Investment advice on saving for retirement – now!

Start your investment plan – now! Your future portfolio will thank you

“There’s no time like the present”, especially when it comes to investing. Young adults have a great advantage over other investors: time.

Compounding – The benefit of time is that is allows for interest to compound, which is the ability of an investment to grow by reinvesting earnings. Consider that a single $10,000 investment at age 20 would grow to over $70,000 by the time the investor becomes 60 years old (based on a 5% interest rate). By comparison, the same investment made at age 30 would yield about $43,000 by age 60, and made at age 40 would yield only $26,000. The longer money is put to work, the more wealth it can generate in the future.

Matches – If your employer offers an employer-sponsored retirement plan, like a 401(k), we suggest you enroll in their plan. Not only is savings made easy through automatic payroll deductions, but your contributions are made with pre-tax dollars. Additionally, many employers offer 401(k) matches, which means they will contribute money into your account. If you don’t take advantage of this benefit, then you are leaving money on the table.

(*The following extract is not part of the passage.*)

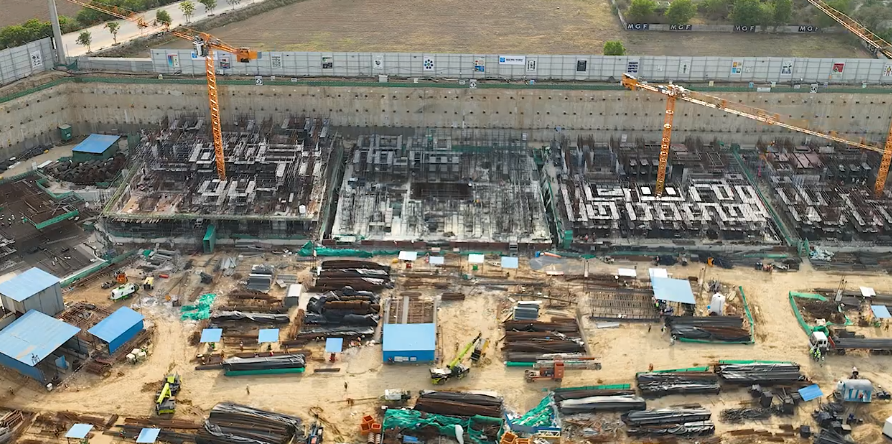 Construction of westin Residences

Resources – Another advantage young people have is there are now, more than ever, many low-cost services available to make saving and investing easy.

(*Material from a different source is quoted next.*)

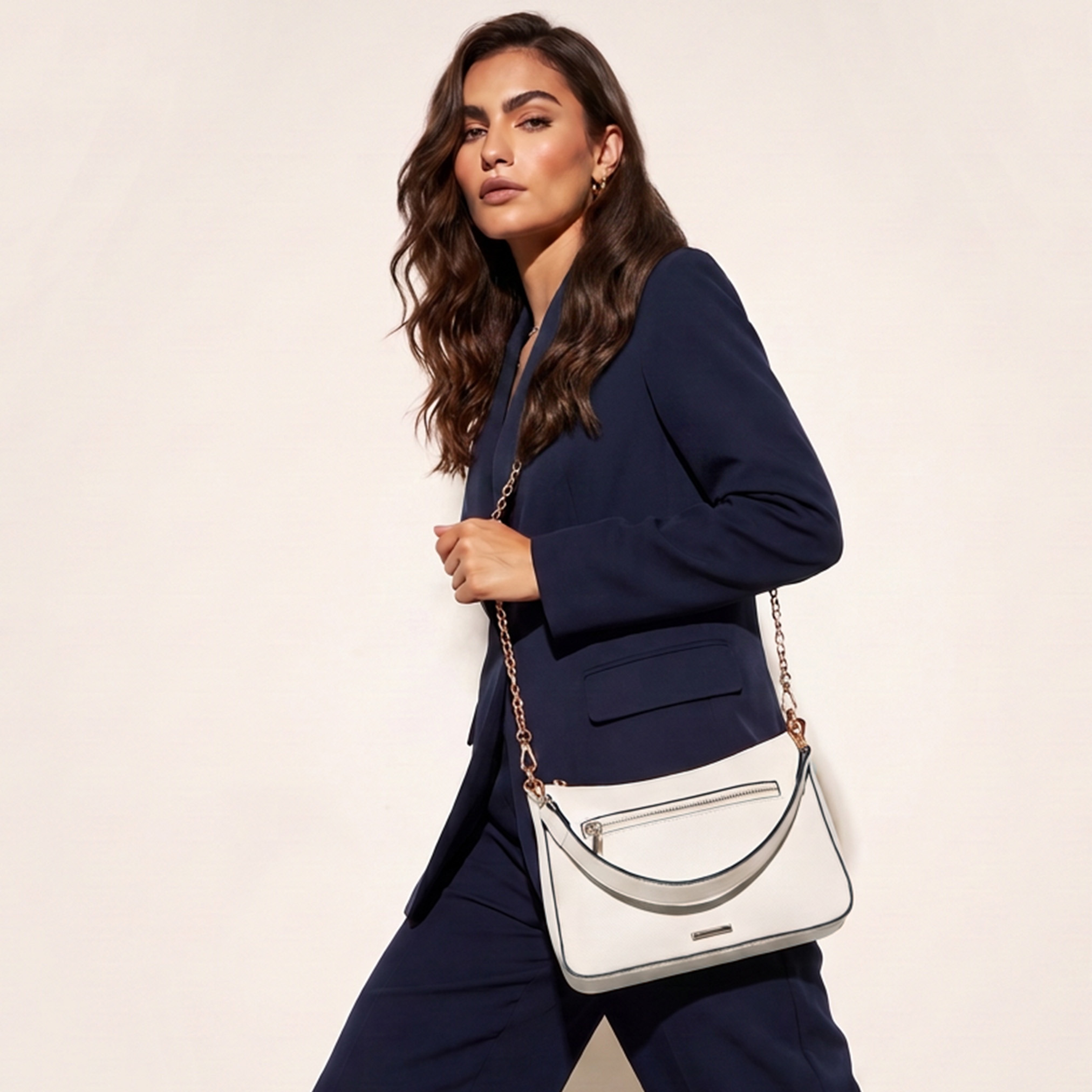 Sasha Solid Crossbody Bag with Detachable Chain Strap-women-bagsandwallets-handbags-image-2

  • Consider the Acorns app. This app rounds up each transaction you make with your debit or credit card to the nearest dollar and invests the change into a diversified portfolio.
  • Robinhood is another useful resource. This app offers commission-free trading of listed stocks and ETFs. They run a lean company which allows them to operate for less. They make their money by accruing interested on investors uninvested cash balances and through fees charged in their upgraded version. This is a low-cost means of entering the investment world.
  • Check out Betterment.com, a robo-planner website for investing using ETFs that holds down fees. You use this to invest your taxable funds and your retirement plans, like IRAs.
  • Also check out earthfolio.com, a robo-planner for investing “with a social conscience.”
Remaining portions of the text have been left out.